We are not using cloud flare. But our domain is also not accessible. We are using digital ocean's DNS service for propagating our IP. Does the DigitalOcean's DNS service depend on Cloudflare service?
An SLA of 100% simply means you agree to compensate your customers (as specified, usually with credit) if your service is down at all, nothing more.
Also, SRE here but not for Cloudflare -- I've never seen SREs directly involved in externally published SLAs, they usually come from legal. We deal with SLOs on more fine grained SLIs than overall uptime
SRE - Site Reliability Engineer (a term Google came up with that's been adopted elsewhere) Google defined it approximately as what happens when you apply software engineering practices to what was traditionally an operations function.
SLO - Service Level Objective - the service level you strive for. If it's higher you have room for experimentation, etc.
SLI - Service Level Indicator - the actual metric(s) you use to measure a service level (latency, error rate, throughput, etc.)
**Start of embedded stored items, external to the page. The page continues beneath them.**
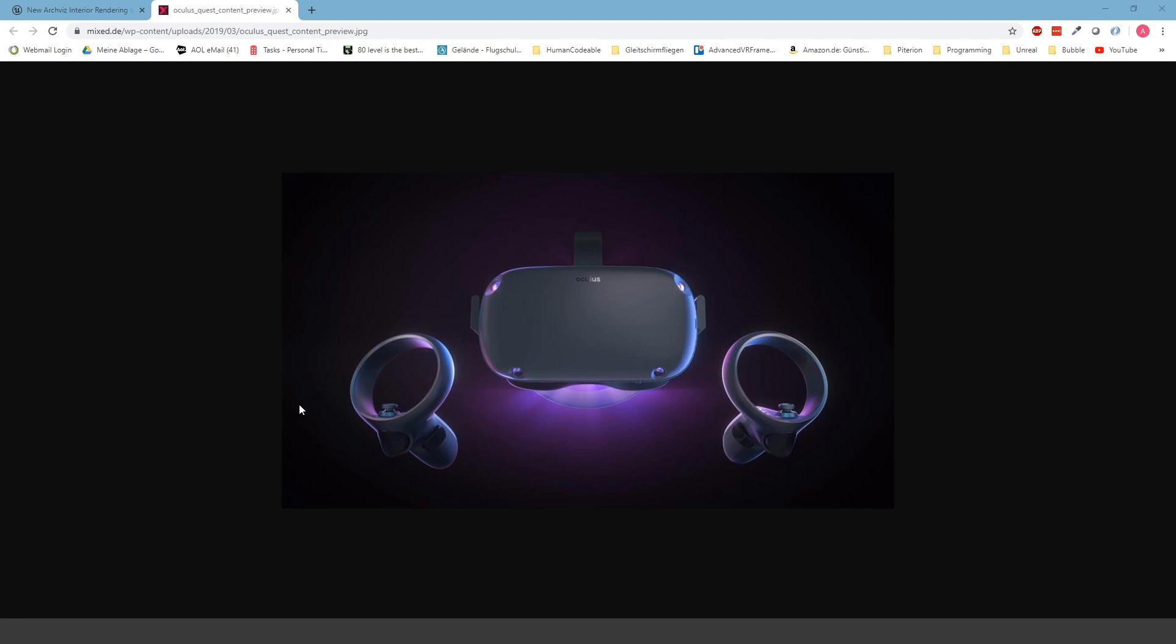We get questions on how to port the framework to the Oculus Quest. I did a short tutorial about that a couple weeks ago, but today I'm going to show you how you can integrate it.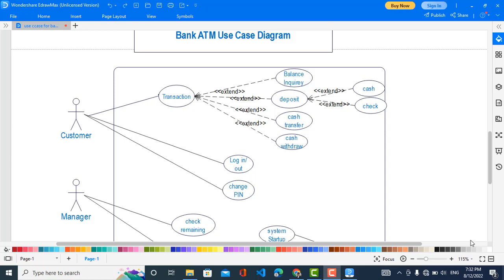We have two relationships: 'include' and 'extend'. Include means the customer must do that action. For example, if it was include, they must do it. Extend means that maybe they do it or not.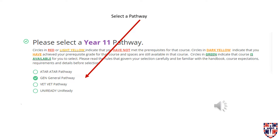Circles in dark yellow indicate that you have achieved your prerequisite grade for that course and spaces are still available in that class. Circles in green indicate that course is available for you to select. Please make sure that you are familiar with the handbook course expectations, requirements, and details before making your selections.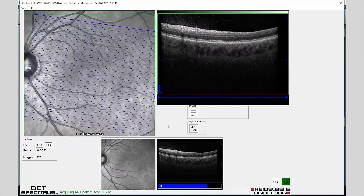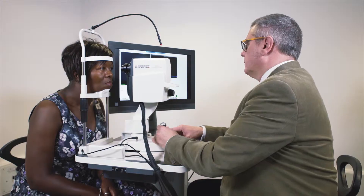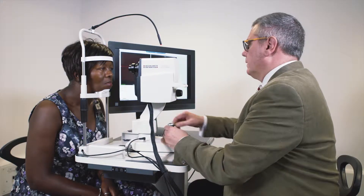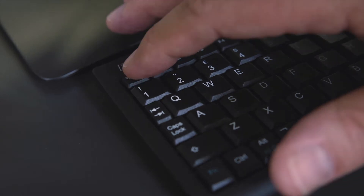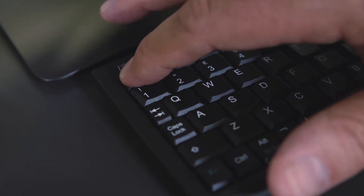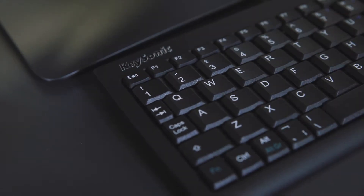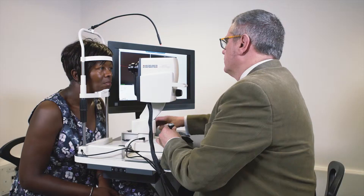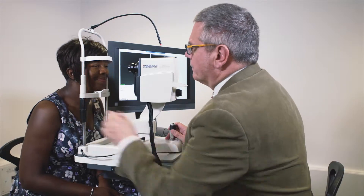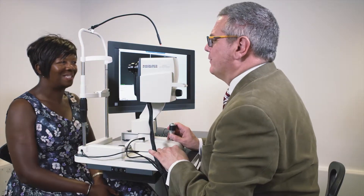Once the scan is complete, press Escape to exit the image acquisition window. The patient should be instructed to relax and sit back from the instrument.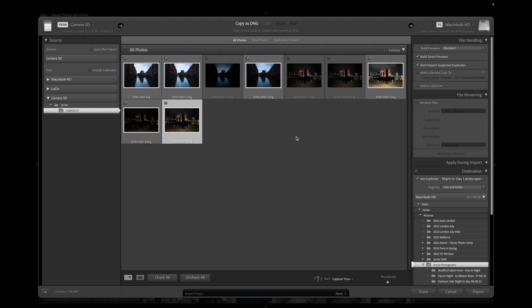There are so many options in Lightroom when importing, but I just follow this workflow. At the top, I want to copy these images. I actually set the camera to store them as DNG, and I want to copy them as DNG. You can select just 'Copy' and it will copy the pictures to the new location, but I select 'Copy as DNG'. I move them off the SD card because I'm going to clean the card after, and I want them in my Lightroom catalog.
SLA - correct. That’s the contract between the operator and the users which describes the penalties for not meeting agreed-upon SLO
SLO - service level objective, the stated availability (or latency or durability etc) of the service. Usually expressed as a value over a period of time (e.g 99.9% availability as measured over a moving 30 average). The SLO is measured by the SLI.
SLI - service level indicator. Simply, the direct measurement of the service (i.e metrics)
SRE - Site Reliability Engineer, usually a member of a team who is responsible for the continued availability of the service and the poor sap who gets paged when it breaches SLO or has an outage or other impactful event.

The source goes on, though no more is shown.